• [Exercise aim]
Below are entries with pictures among them; reproduce exactly, and only, the lines from the one containing "Cartoon Bunny Graphic" down to the one containing "Nostalgic-Art Notizbuch DIN", without the pictures.

• [Task input]
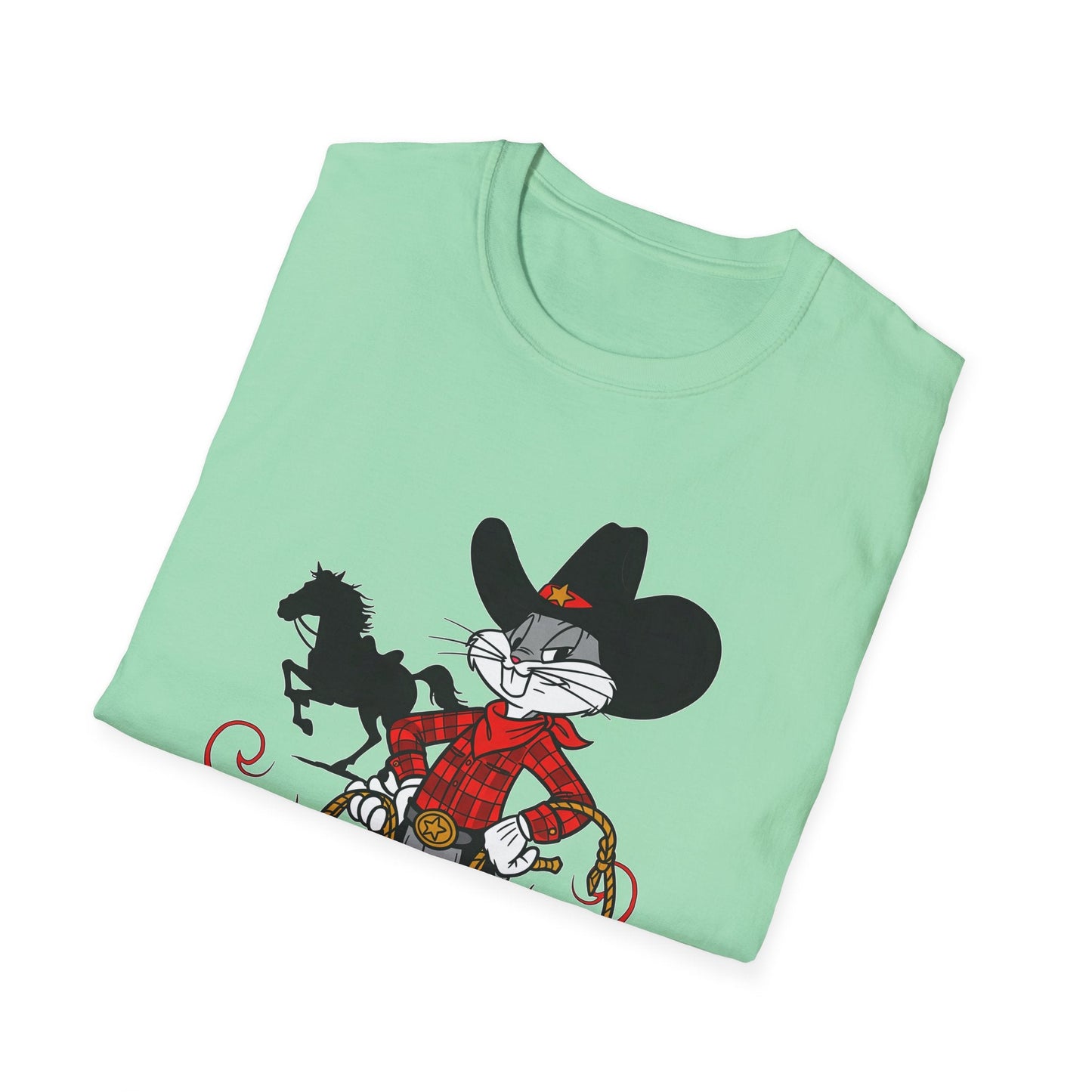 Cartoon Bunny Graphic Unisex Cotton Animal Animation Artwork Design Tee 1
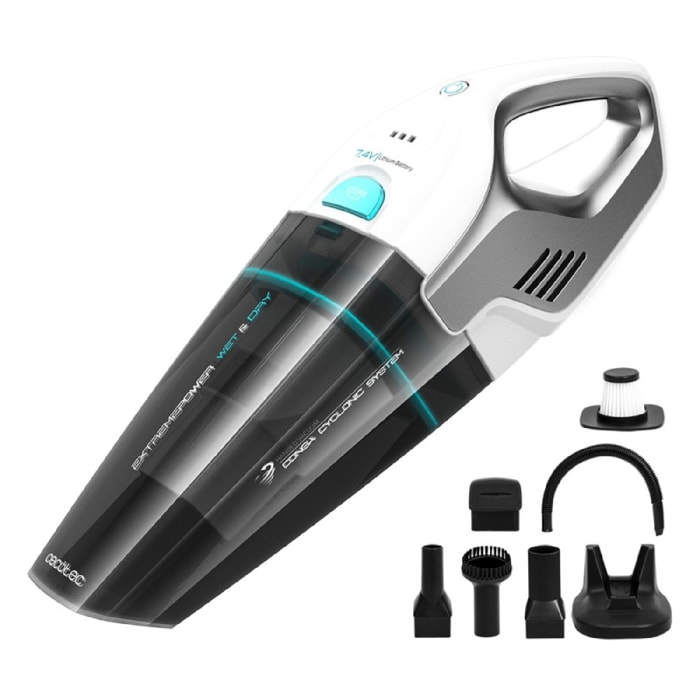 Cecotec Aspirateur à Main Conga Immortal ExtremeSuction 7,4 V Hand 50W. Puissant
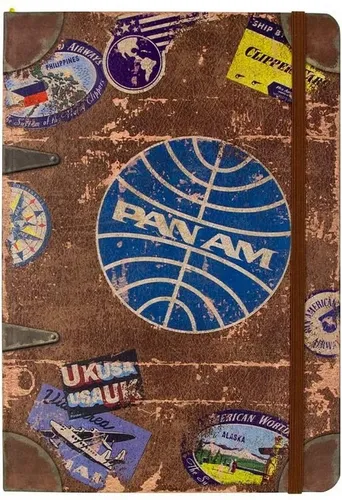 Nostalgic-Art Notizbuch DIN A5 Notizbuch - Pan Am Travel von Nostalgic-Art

---

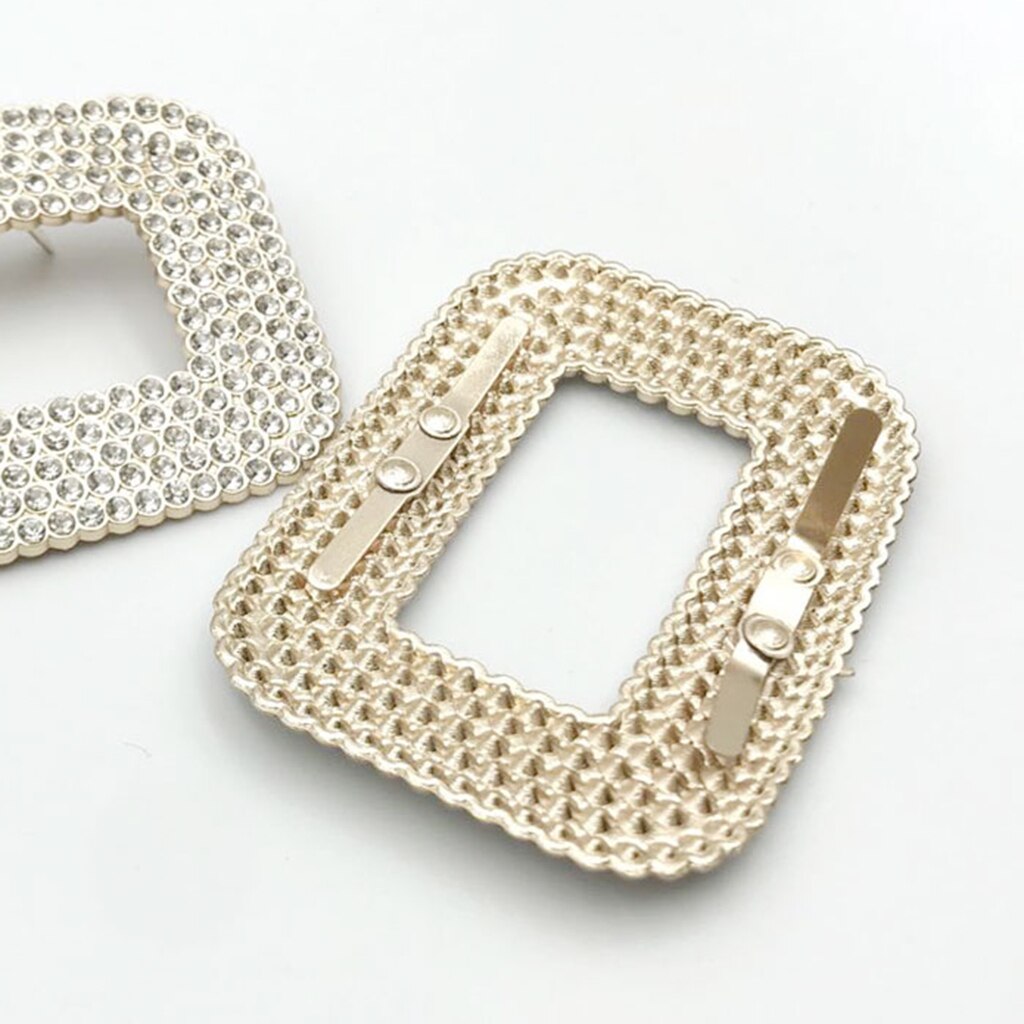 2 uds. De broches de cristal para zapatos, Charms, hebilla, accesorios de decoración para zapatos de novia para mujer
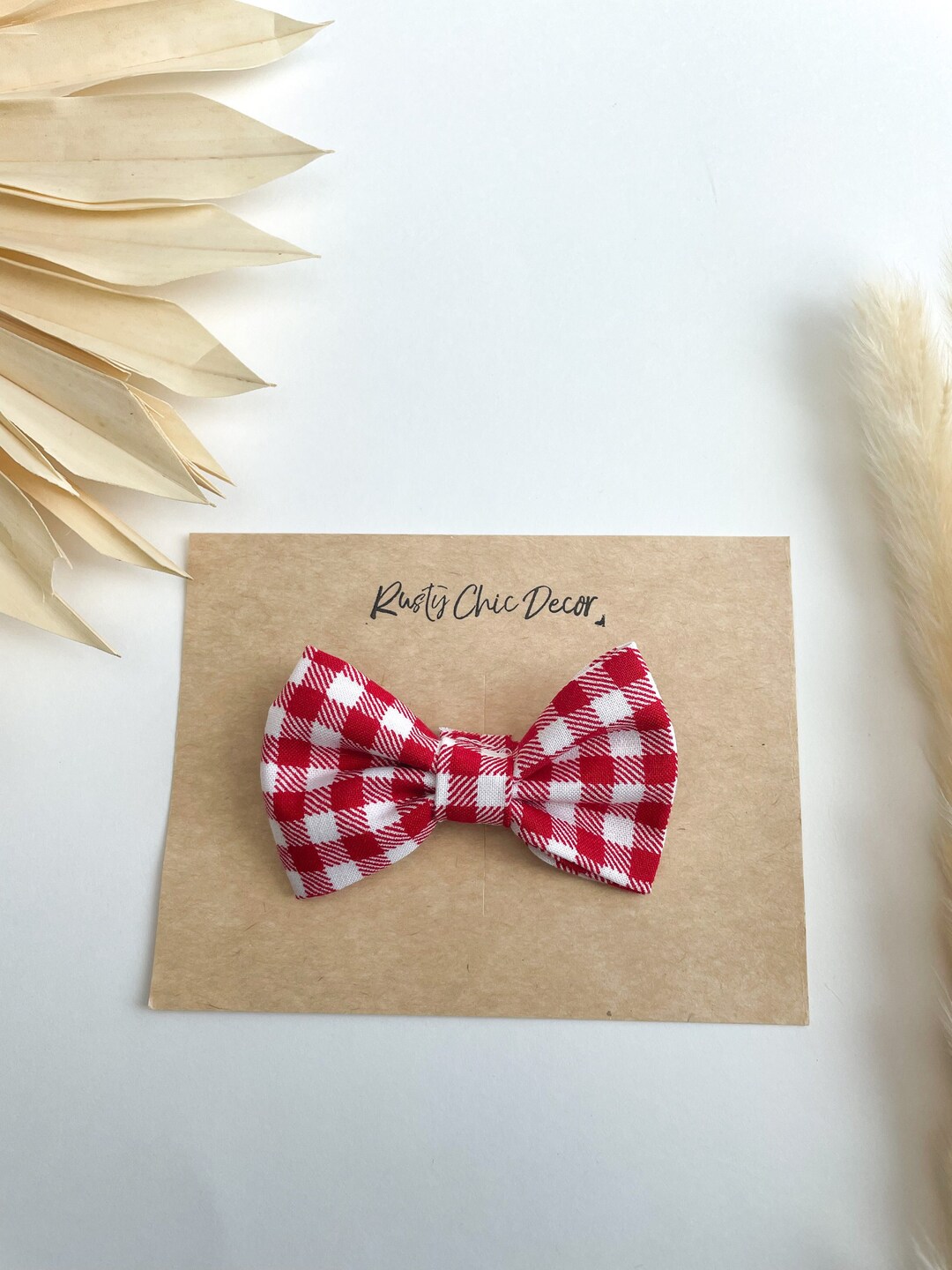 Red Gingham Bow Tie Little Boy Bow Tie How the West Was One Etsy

• [Solution to this exercise]
 Cartoon Bunny Graphic Unisex Cotton Animal Animation Artwork Design Tee 1
 Cecotec Aspirateur à Main Conga Immortal ExtremeSuction 7,4 V Hand 50W. Puissant
 Nostalgic-Art Notizbuch DIN A5 Notizbuch - Pan Am Travel von Nostalgic-Art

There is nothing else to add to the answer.